» **What the exercise asks**: Look below for the line that has "Kitchen with sink, decorative"; output exactly from it through the line that has "Car mechanic holds", and leave the pictures out.

» **Input data**:
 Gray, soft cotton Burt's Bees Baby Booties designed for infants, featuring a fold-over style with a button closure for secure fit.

* * *

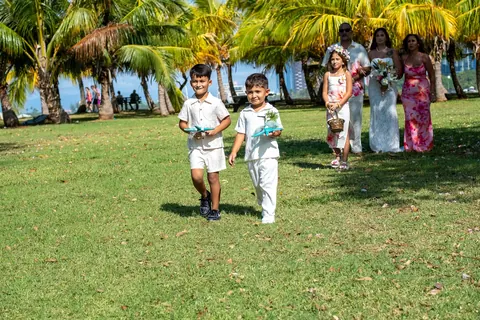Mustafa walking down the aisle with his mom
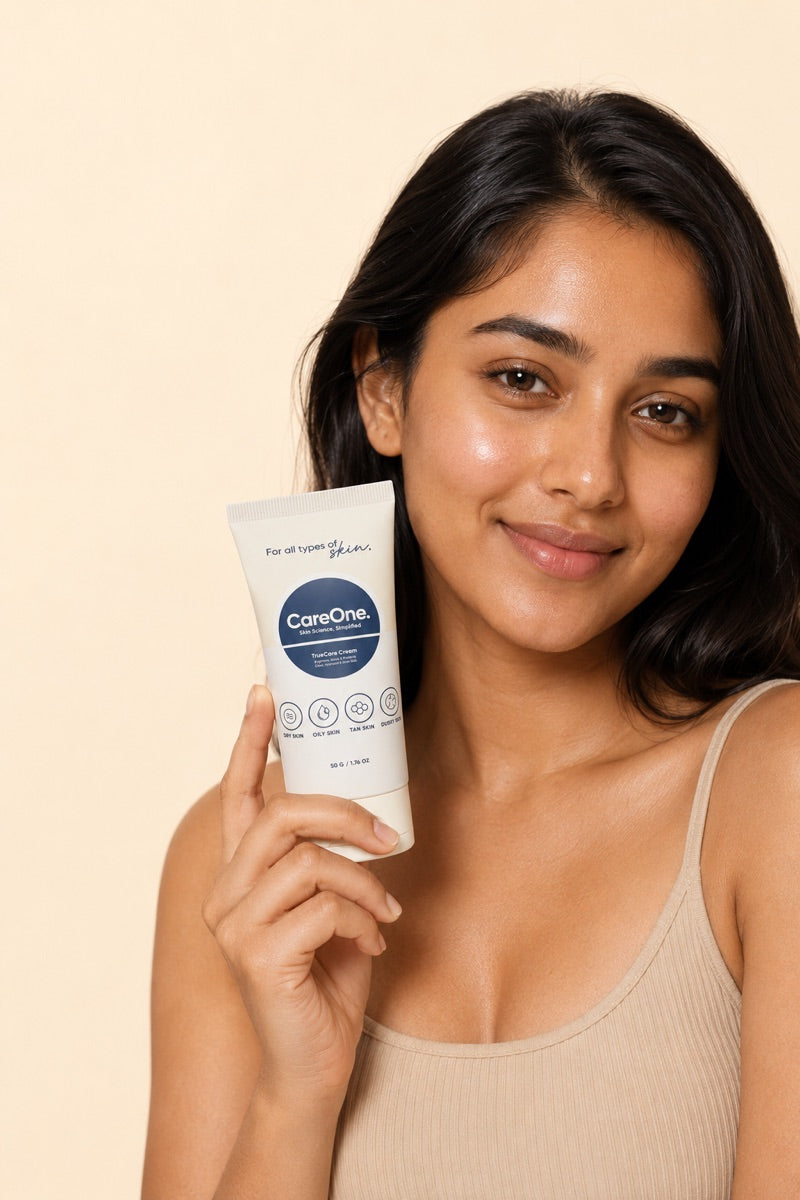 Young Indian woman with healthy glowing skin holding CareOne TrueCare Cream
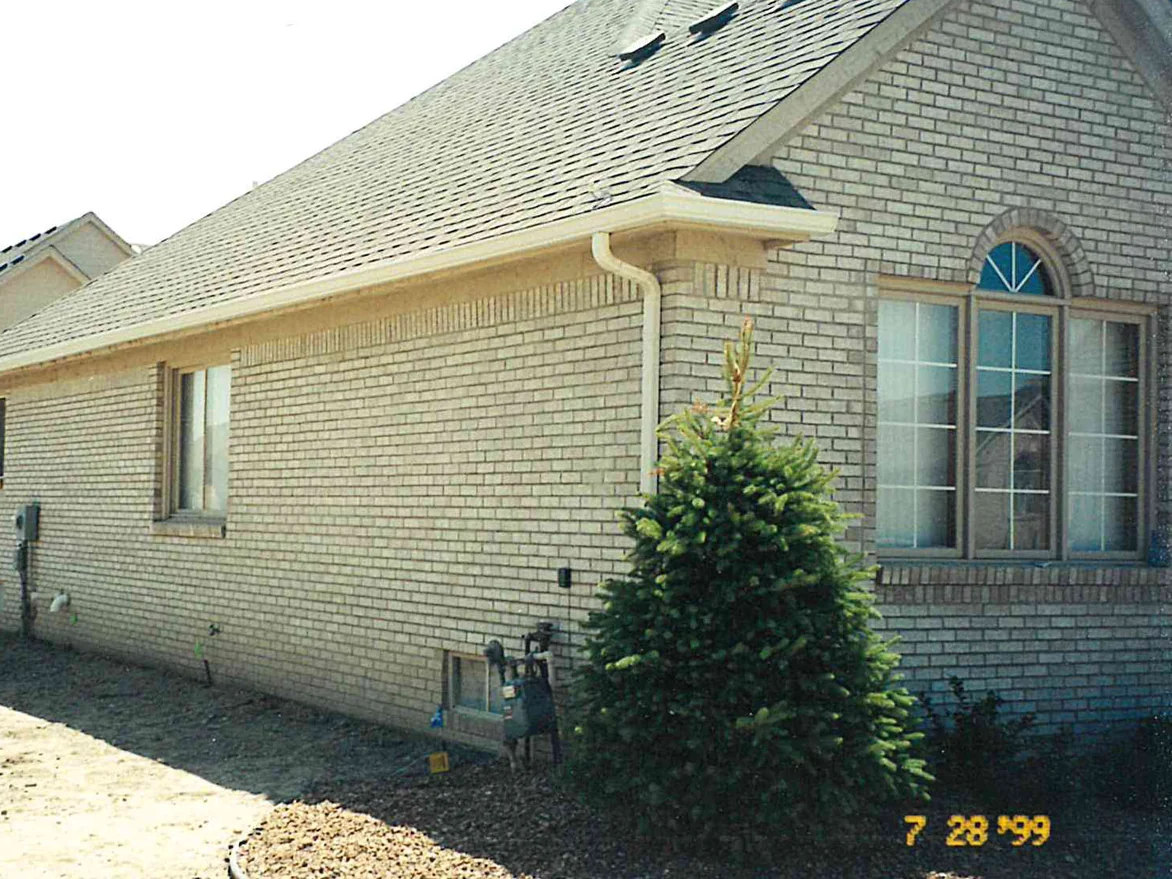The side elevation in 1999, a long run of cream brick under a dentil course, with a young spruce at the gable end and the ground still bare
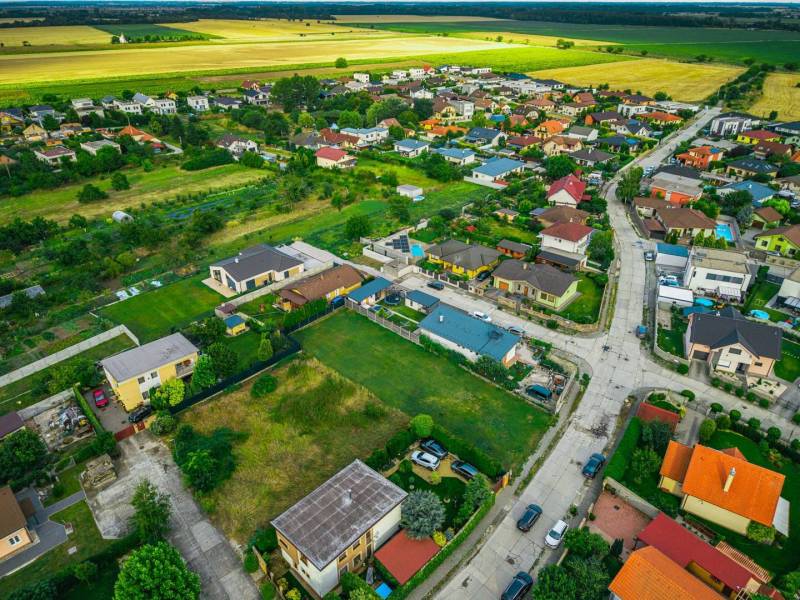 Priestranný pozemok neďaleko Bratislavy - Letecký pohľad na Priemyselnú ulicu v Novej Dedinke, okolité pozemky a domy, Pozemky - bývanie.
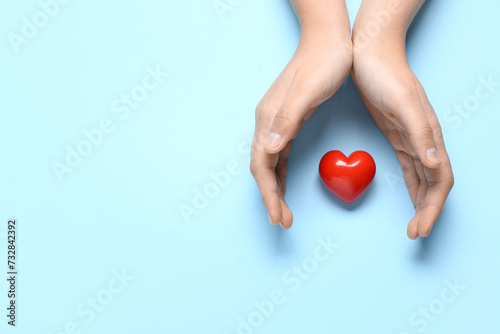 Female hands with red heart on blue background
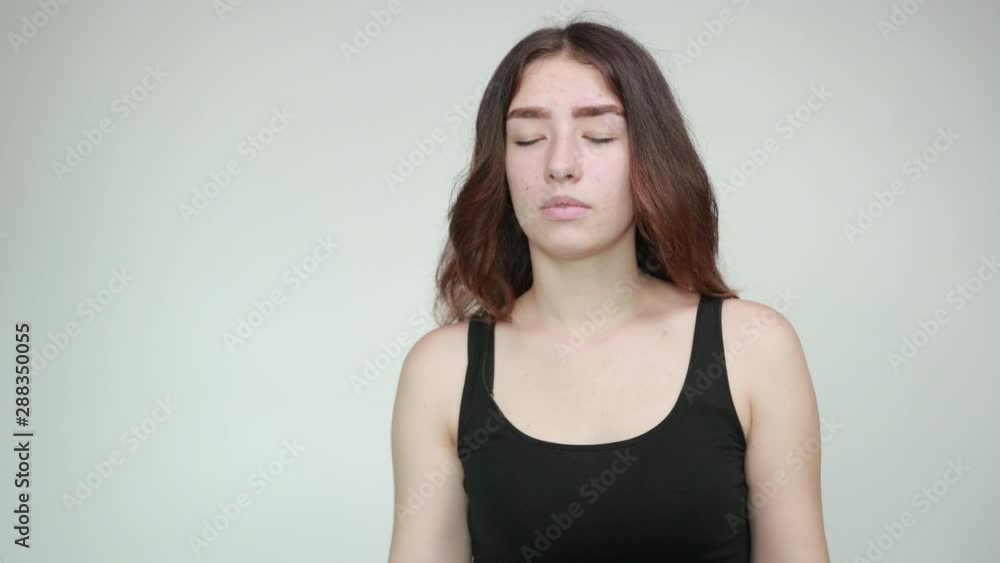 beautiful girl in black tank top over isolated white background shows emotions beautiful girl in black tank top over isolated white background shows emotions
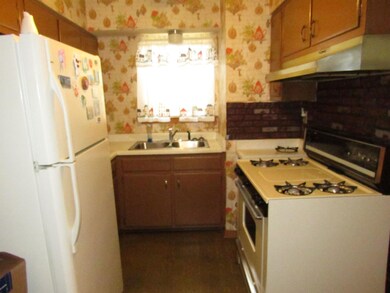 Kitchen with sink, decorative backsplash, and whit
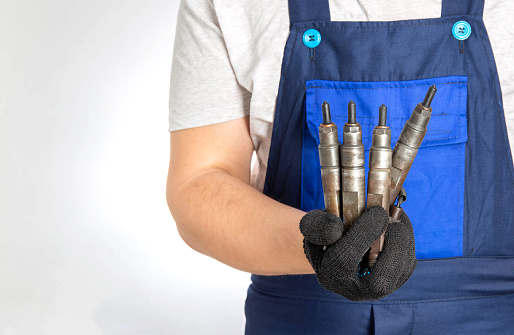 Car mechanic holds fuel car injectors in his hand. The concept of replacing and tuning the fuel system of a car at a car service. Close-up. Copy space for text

» **Response to this exercise**:
 Kitchen with sink, decorative backsplash, and whit
 Car mechanic holds fuel car injectors in his hand. The concept of replacing and tuning the fuel system of a car at a car service. Close-up. Copy space for text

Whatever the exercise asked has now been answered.